WHAT THIS TASK INVOLVES:
Write the records out exactly as they read, but not the pictures.

Records drawn from a dataset:

++++++++++++++++++++

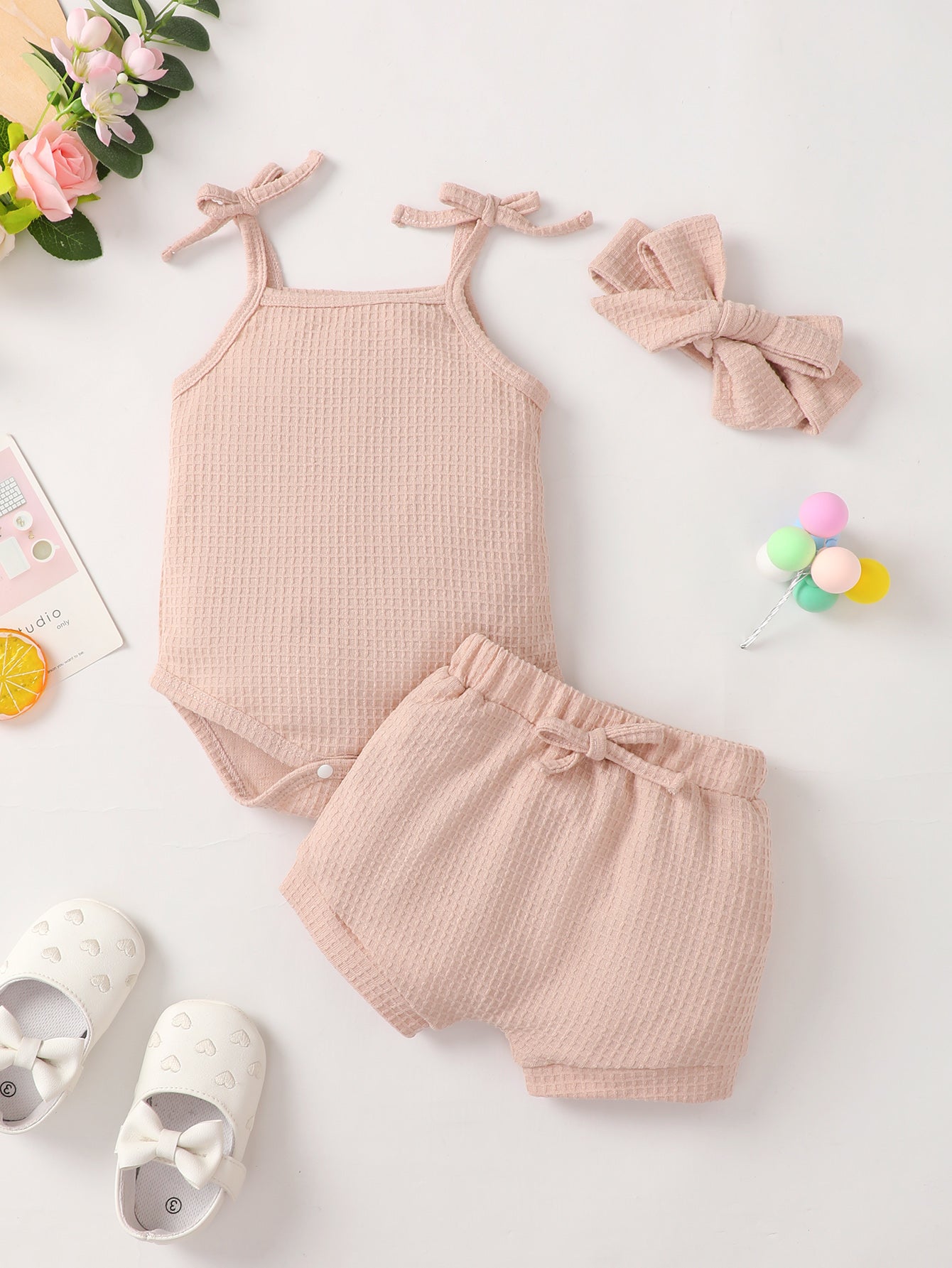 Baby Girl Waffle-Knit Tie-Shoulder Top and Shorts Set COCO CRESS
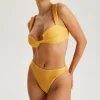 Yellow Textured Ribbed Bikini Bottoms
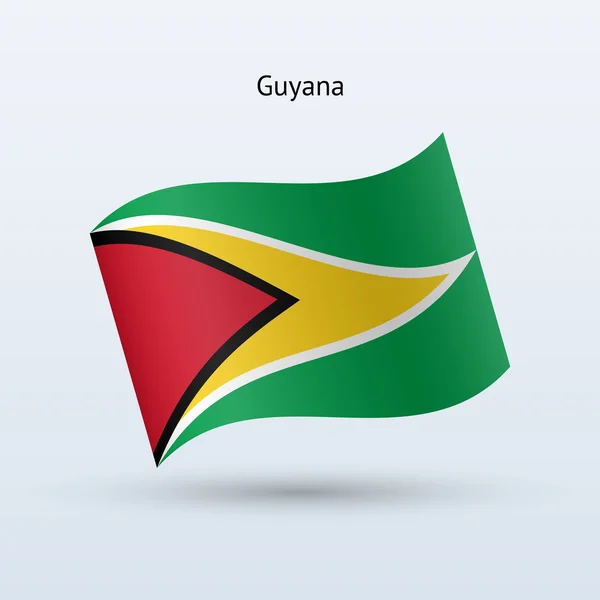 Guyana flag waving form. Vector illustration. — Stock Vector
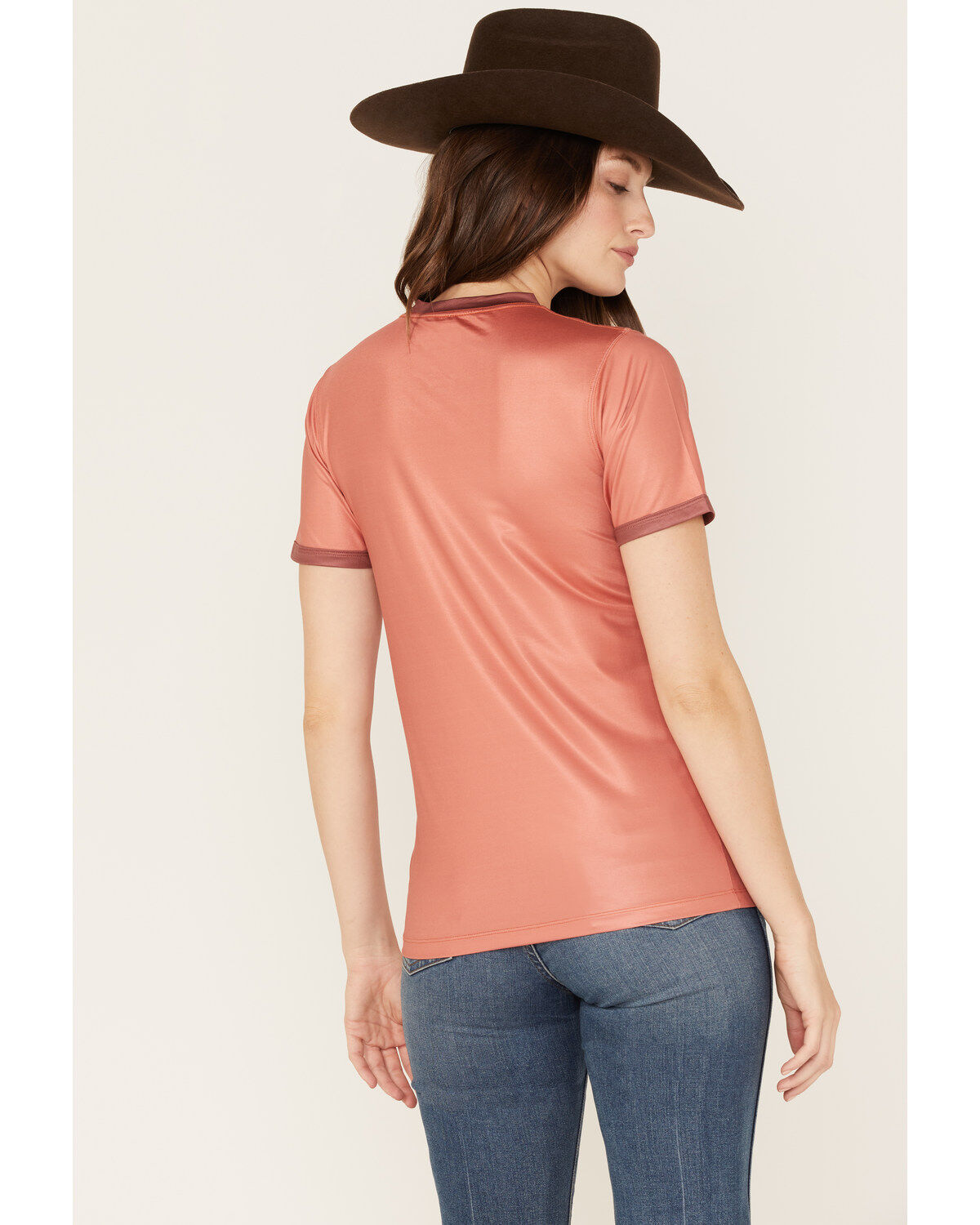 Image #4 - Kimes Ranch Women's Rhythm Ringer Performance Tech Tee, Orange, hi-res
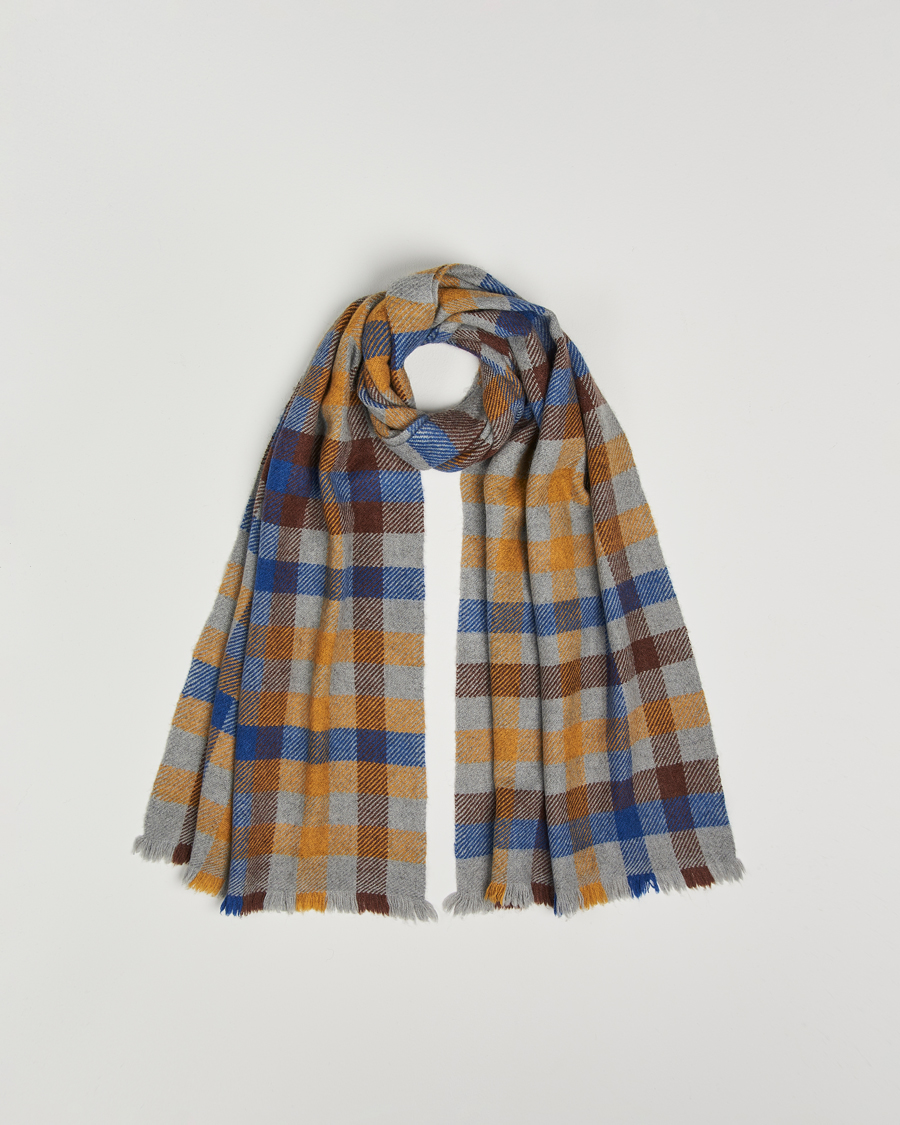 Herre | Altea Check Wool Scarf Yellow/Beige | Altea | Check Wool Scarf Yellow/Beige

++++++++++++++++++++

EXERCISE OUTPUT:
 Baby Girl Waffle-Knit Tie-Shoulder Top and Shorts Set COCO CRESS
 Yellow Textured Ribbed Bikini Bottoms
 Guyana flag waving form. Vector illustration. — Stock Vector
 Image #4 - Kimes Ranch Women's Rhythm Ringer Performance Tech Tee, Orange, hi-res
 Herre | Altea Check Wool Scarf Yellow/Beige | Altea | Check Wool Scarf Yellow/Beige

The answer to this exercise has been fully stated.